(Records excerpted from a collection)
==*==
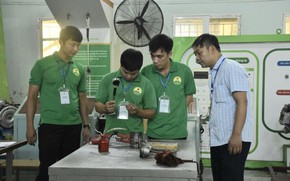 Đào tạo gần 3.000 lao động tại các doanh nghiệp nhỏ và vừa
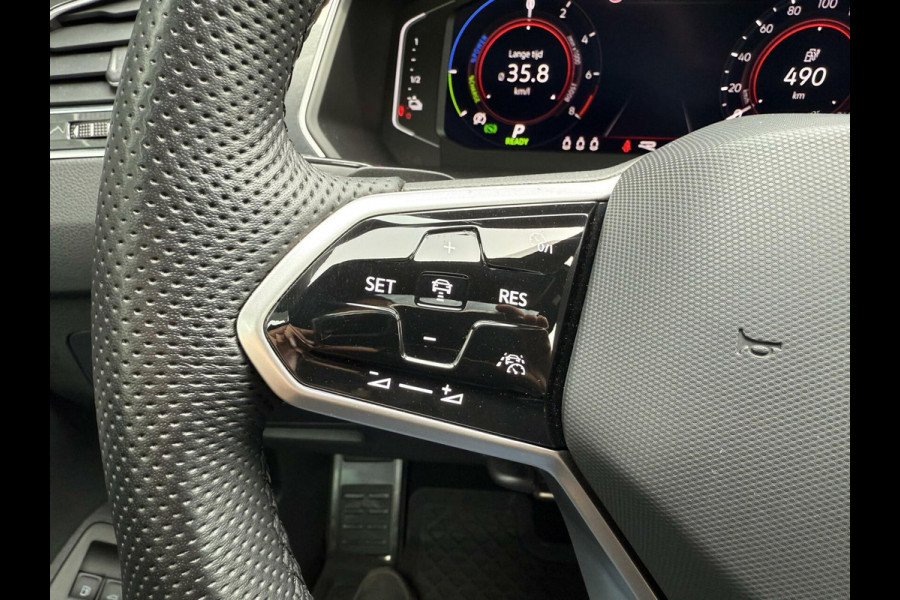 Volkswagen Tiguan 1.4 TSI eHybrid R-Line PANORAMADAK +TREKHAAK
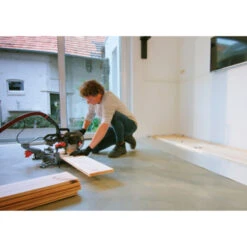 SKIL Afkortzaag / Verstekzaag 216mm Met Trekfunctie En Laser 1310AA 1600W + Snelklem 16 SKIL Afkortzaag / Verstekzaag 216mm Met Trekfunctie En Laser 1310AA 1600W + Snelklem -Huishoudelijke Artikelen 123 71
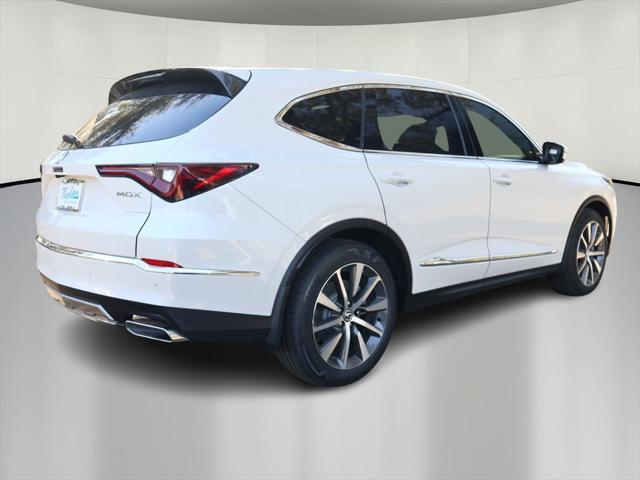 new 2025 Acura MDX car, priced at $58,550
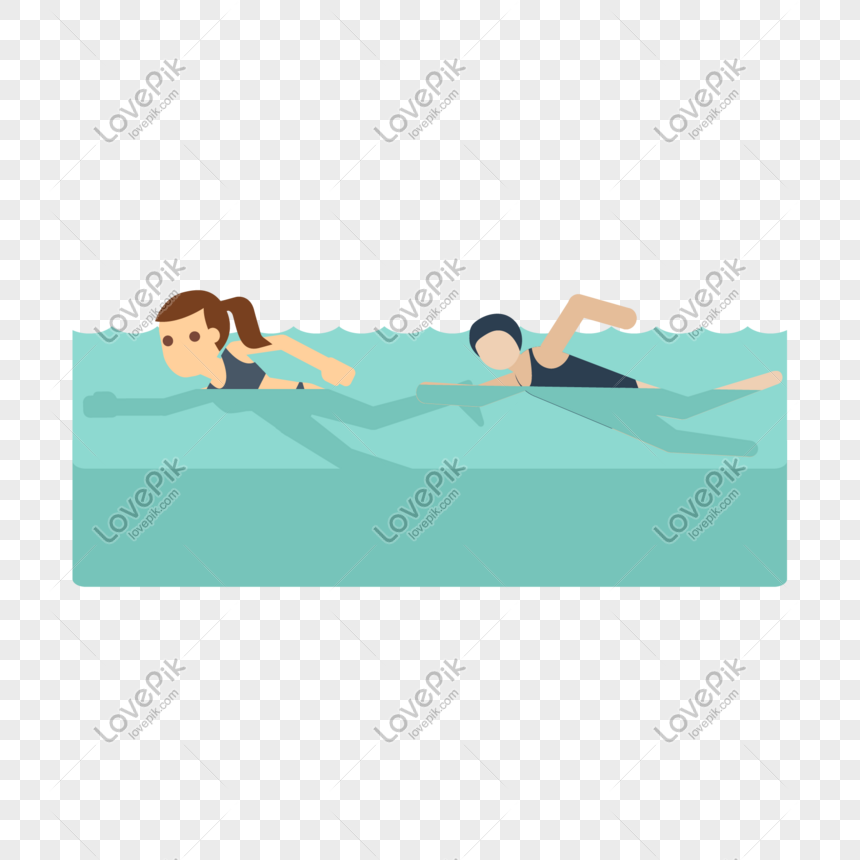 Sport Fitness Cartoon Swimming Vector Png Image Picture Free 860x860 Sport Fitness Cartoon Swimming Vector Png Image Picture Free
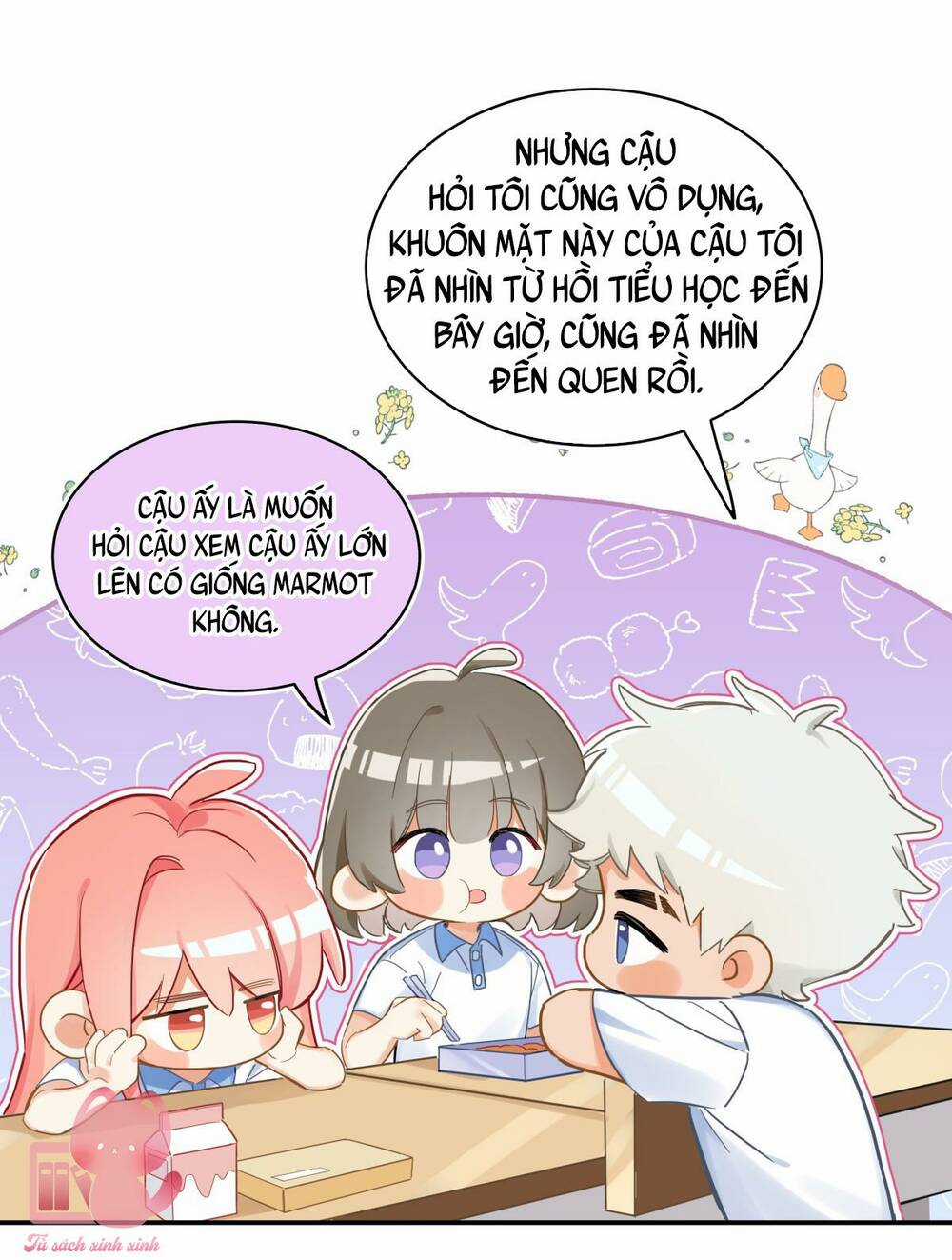 Bong Bóng Đào Chi - Chapter 9 - Trang 24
==*==
What to work on - With the pictures dropped, write out all of the entries word for word.

Answer box -
 Đào tạo gần 3.000 lao động tại các doanh nghiệp nhỏ và vừa
 Volkswagen Tiguan 1.4 TSI eHybrid R-Line PANORAMADAK +TREKHAAK
 SKIL Afkortzaag / Verstekzaag 216mm Met Trekfunctie En Laser 1310AA 1600W + Snelklem 16 SKIL Afkortzaag / Verstekzaag 216mm Met Trekfunctie En Laser 1310AA 1600W + Snelklem -Huishoudelijke Artikelen 123 71
 new 2025 Acura MDX car, priced at $58,550
 Sport Fitness Cartoon Swimming Vector Png Image Picture Free 860x860 Sport Fitness Cartoon Swimming Vector Png Image Picture Free
 Bong Bóng Đào Chi - Chapter 9 - Trang 24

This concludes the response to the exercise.